AMD K10: Fusion/Llano
AMD's Fusion project came to fruition in July 2011, when the company released its first APUs, code-named "Llano." The design combined a large number of AMD's Radeon Stream Processors based on the TeraScale 2 architecture with the company's K10 CPU cores. The underlying concept was similar to AMD's Geode line, which hadn't been updated in years. But where the Geode was designed as a low-power/performance solution, Llano was meant to be a higher-performance product.
It was never meant to compete in the high-end, but the idea was to create a SKU that could give reasonable CPU and graphics performance all in one. Llano suffered from a lack of L3 cache, and the iGPU was far too slow to keep most gamers happy, but for casual gamers that didn't mind lower graphics settings, it performed well enough.
AMD Llano
Code Name | Llano |
---|---|
Date | July 2011 |
Architecture | 64-bit |
Data Bus | 64-bit |
Address Bus | 64-bit |
Maximum Memory Support | 1 TB |
L1 Cache (Per Core) | 64 KB + 64 KB |
L2 Cache (Per Core) | 1 MB (Full Speed) |
L3 Cache (Shared) | None |
Clock Speed | 2.1 - 3 GHz |
Memory Controller | Dual-Channel DDR3-1866 |
Core Count | 2, 3, 4 |
SIMD | MMX, Enhanced 3DNow!, SSE, SSE2, SSE3, SSE4a |
Fab | 32 nm |
Transistor Count | 1,178 Million |
Power Consumption | 65 - 100 W |
Voltage | 0.45 - 1.4125 V |
Die Area | 227 mm² |
Socket | Socket FM1 |
iGPU | TeraScale 2 (Radeon HD 5000, rebranded as Radeon HD 6000) |
AMD Bobcat
To be more competitive with Intel's Atom and ARM's low-power microprocessors, AMD introduced its Bobcat architecture in 2011. Since Bobcat was designed to be efficient, it ran at fairly low clock speeds; the highest-performing model reached 1.75 GHz. Bobcat is technically an APU, and it contains an iGPU with 80 Stream Processors based on the TeraScale 2 architecture.
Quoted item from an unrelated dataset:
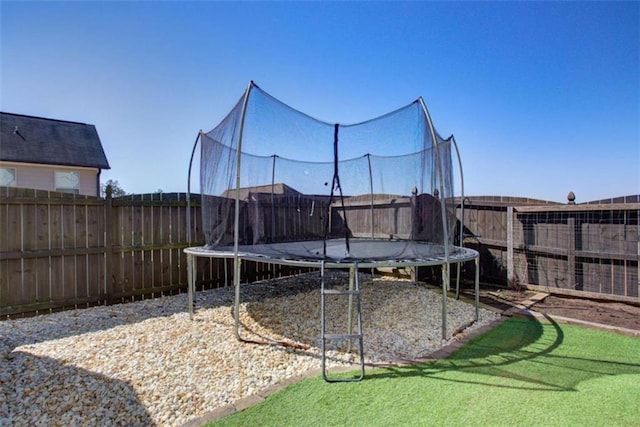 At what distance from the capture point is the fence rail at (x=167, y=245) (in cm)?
390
The iGPU is clocked rather conservatively as well in order to keep power consumption low.
AMD Bobcat
Code Name | Desna, Ontario, Zacate |
---|---|
Date | 2011 |
Architecture | 64-bit |
Data Bus | 64-bit |
Address Bus | 64-bit |
Maximum Memory Support | 1 TB |
L1 Cache (Per Core) | 32 KB + 32 KB |
L2 Cache (Per Core) | 512 KB (Full Speed) |
L3 Cache (Shared) | None |
Clock Speed | 0.8 - 1.75 GHz |
Memory Controller | Single-Channel DDR3L-1333 |
Core Count | 1 - 2 |
SIMD | MMX, SSE, SSE2, SSE3, SSSE3, SSE4a, SSE4.1/4.2, AVX |
Fab | 40 nm |
Transistor Count | N/A |
Power Consumption | 4.5 - 18 W TDP |
Voltage | 0.5 - 1.4 V |
Die Area | 107 mm² |
Socket | AM1 |
iGPU Architecture | TeraScale 2 |
iGPU Shader Count | 80 |
AMD Bulldozer: Zambezi
In October 2011, AMD introduced the successor to its K10 architecture, code-named "Bulldozer." With Bulldozer, AMD attempted to use high core count and clock speed to outperform Intel's recently-released Sandy Bridge. The cost of this clock rate-focused design, however, was a marked drop in IPC compared to the K10 architecture, and the design has been plagued with problems. The first Bulldozer chip, code-named Zambezi, was not able to cleanly out-perform Thuban Phenom II X6 CPUs, let alone beat Sandy Bridge. Part of the problem came from the use of a Multi-Core Module (MCM) that contains two integer cores and one FPU. As the two integer execution units have to share the FPU, this can lead to stalls in the pipeline.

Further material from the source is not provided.